The dark waves had made ground on the two while they were chatting, dragging closer toward their toes before receding with a scurry, back into the deep.
“I think it’s true,” the woman began, “that things are said but you aren’t listening, and that you don’t necessarily need to know.”
“You can only hear so much,” said Akiyo.
“You can’t know everything – like the sea – she knows everything, all she would need to know.”
“Nothing, then.”
“Nothing.”
The woman got to her feet, she said goodnight to Akiyo and disappeared beneath the dunes. Akiyo listened to the howling, she cupped a handful of the white sand, spilling it over her bare legs. The moon had crept beyond her head when she unplugged herself from the sand and went back into the house. Father was sitting at the kitchen table in his silk gown, he watched Akiyo come in. “Hello,” he said.

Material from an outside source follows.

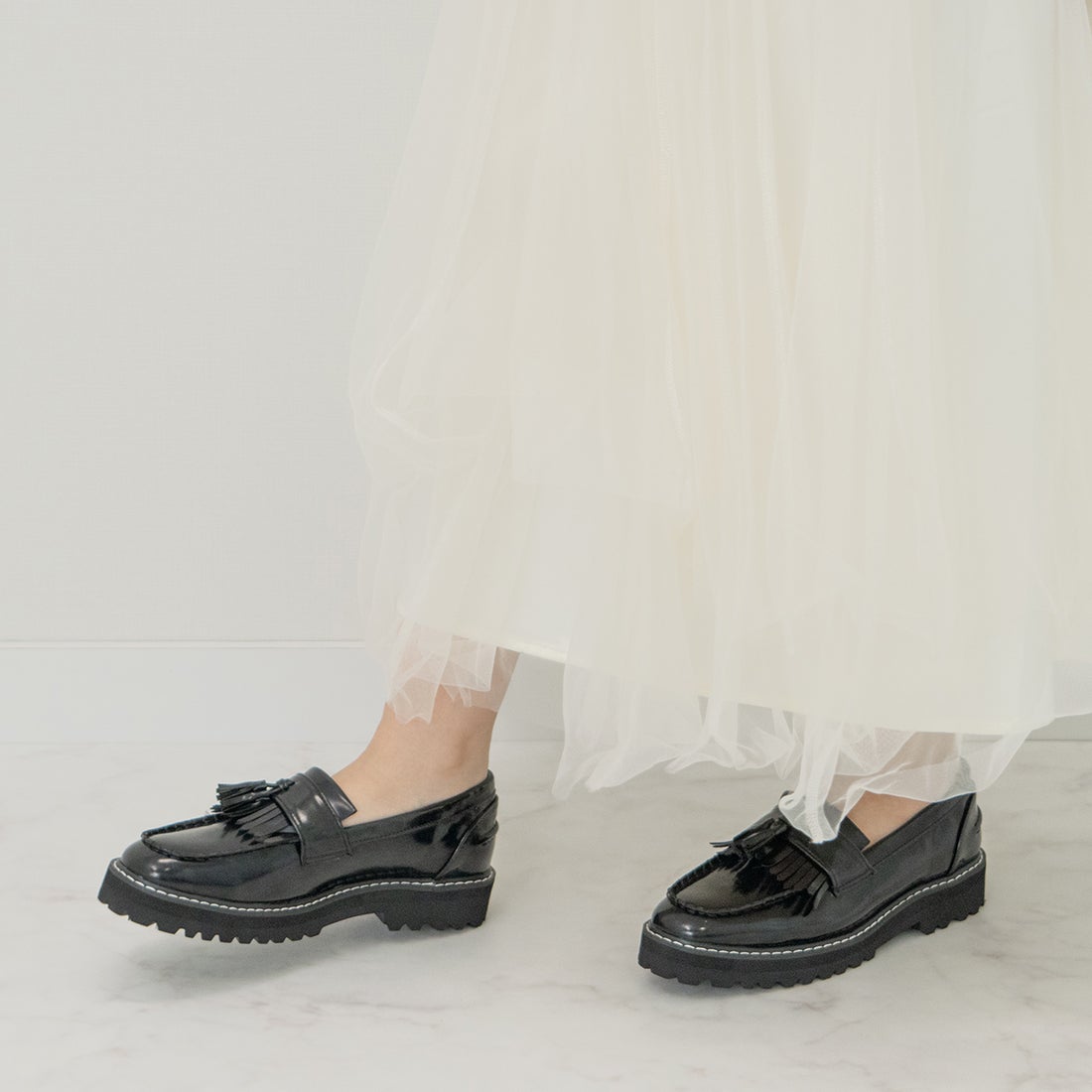 ブリジット バーキン Bridget Birkin 厚底タッセルローファー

“It’s late,’ Akiyo replied. ‘I should be going to bed now, goodnight,” she was halfway up the stairs.
“Alright,” father said. “But it kept you up when you were a child, too, you know.”
“What did?” said Akiyo, stalling at the top of the staircase.
“The whales, they make that noise, passing in familial groups,” father approached the staircase. “It’s very complex.”
“They were singing?”
“One has died, or perhaps they’re in love.”
“Whales can’t love, that’s ridiculous.”
“That’s what I thought.”
“It was probably just the waves then.” Akiyo turned to move up the stairs.
“You don’t think that. I saw you in the sand.”
Akiyo paused. “My hands are cold again,” she said, putting her hands into the pockets of her dress.
“They’re such wise creatures.”
“Like you I suppose.”
“They must laugh.”
“Oh, so they laugh?”
“What’s wrong, Akiyo?”
Akiyo looked up through the box window to find the moon a droplet dangling in the oceanic night.
“My love, you aren’t yourself,” father cupped the head of the banister with his hands.
“I’m just tired. Goodnight father.”
Akiyo got into bed and listened to the windows being closed downstairs. Father’s bare feet were sucking against the kitchen linoleum, the house-doors clicked shut. The moaning sea could be heard muffled and suffocated by the walls, the rolling echo resonating into the obscurity of Akiyo’s sleep.